The short break between the Trent Bridge and Lord's Test was never going to be enough for the English bowlers, who bowled twice in the first Test
If you win the toss on a pitch that looks more suited for grazing sheep than opening the batting in Test cricket, you must ensure that the opposition struggles to put bat to ball. To everyone’s surprise, nothing of that sort happened in the first and, perhaps, the most crucial session of the Test match at Lord’s.
A frustrated Stuart Broad on Day Three of the second Test at Lord's. Pic/Getty Images
That was enough for me to harbour thoughts of an India win while most treaded cautiously. The pitch was unusually green and it was imperative for the English bowlers to reduce India to a paltry score for a couple of reasons — 1. Seizing the advantage of winning the toss and 2.
To manage the overworked pace battery’s workload. The pitch at Trent Bridge was akin to a fast bowler’s graveyard and the short break between the two Tests was never going to be enough for the English bowlers who bowled twice in the first Test.
The waiting game
From India’s perspective it was all about making them bowl a lot of overs once again and taking the game into the third or fourth day without losing the plot. England had a few windows of opportunity to sneak past the Indians, but didn’t have the tools or the intent to make it happen.
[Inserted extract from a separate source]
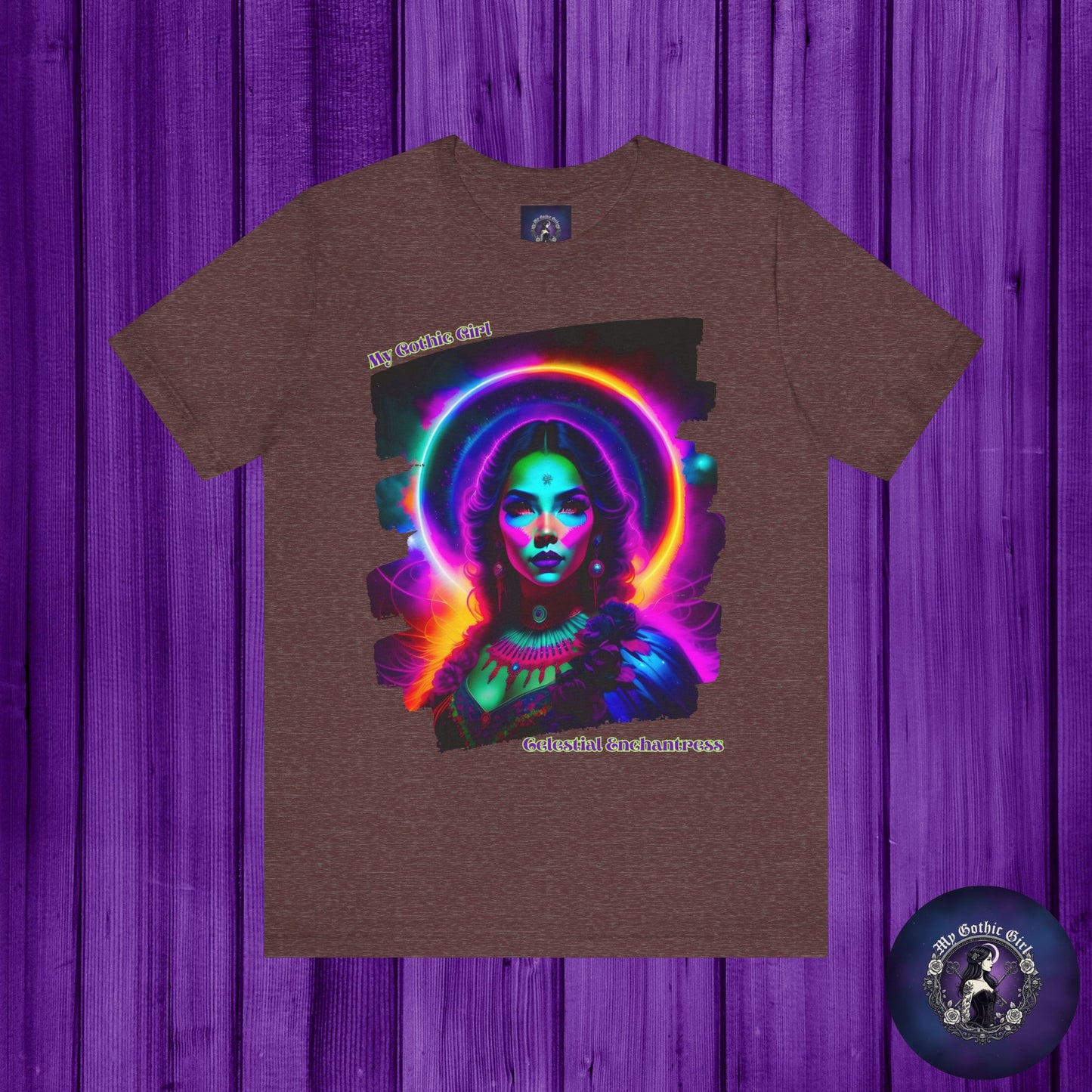 Celestial Enchantress Poetic Goth Graphic Tee – My Gothic Girl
One hundred and forty five for seven on Day One was the first such opportunity but as much as India’s rescue mission was about Ajinkya Rahane’s skill and Bhuvneshwar’s resilience, it was equally about the listless English captain and, perhaps, tired English bowlers.
Instead of going for the kill, Alastair Cook chose to wait for the second new ball. India scored 291. First round to India and my initial thought of India winning started gaining strength.
Since England did not dismiss India cheaply, it was imperative to take a big first innings lead because the sun, heavy roller and the grass mower had made the pitch a decent one to bat on. Once again, England had the opportunity to make up for lost ground, but they let it slip once again, and much to India’s pleasure.
Yes, Bhuvneshwar bowled well for his six wickets but the way Moeen Ali, Matt Prior and Gary Ballance got out, made me believe that the pendulum was shifting India’s way. A Test match is all about winning the mini battles and that key moment, and England lost two in three days.
A slender lead was going to trouble India only if their bowlers triggered a dramatic collapse in India’s second innings and luckily for them, they did.
A page from The Cricket Paper newspaper in England which the author wrote for during the Test
Virat Kohli, Chesteshwar Pujara and Rahane on the third evening and MS Dhoni, Murali Vijay and Stuart Binny on the fourth morning brought them right back into the game.
It wasn’t a coincidence that England allowed the match to slip away once again, for a pattern was developing. If you could keep the English bowlers on the field for over a 100 overs, it was quite apparent that they would struggle to dismiss the tail. And they did.
By the time India had 318 on the board for the fourth innings, I had become bullish about India’s chances. Throughout 2011, I closely observed India when they often let the game slip away by losing key moments. I could clearly see the same happening with England this time around.
In the last eight Test matches before the one at Lord’s, England had found themselves in a position of strength in almost every single game, yet showed the inability to turn it in their favour.
Once you go down that slippery slope, it takes a superhuman effort from the senior members in the team to stem the rot. Those days India needed Sachin Tendulkar, Rahul Dravid, VVS Laxman or Dhoni to turn the tide and now, England need Cook, Ian Bell, James Anderson and Stuart Broad to stand up together. It didn’t happen for India and it isn’t happening for England either.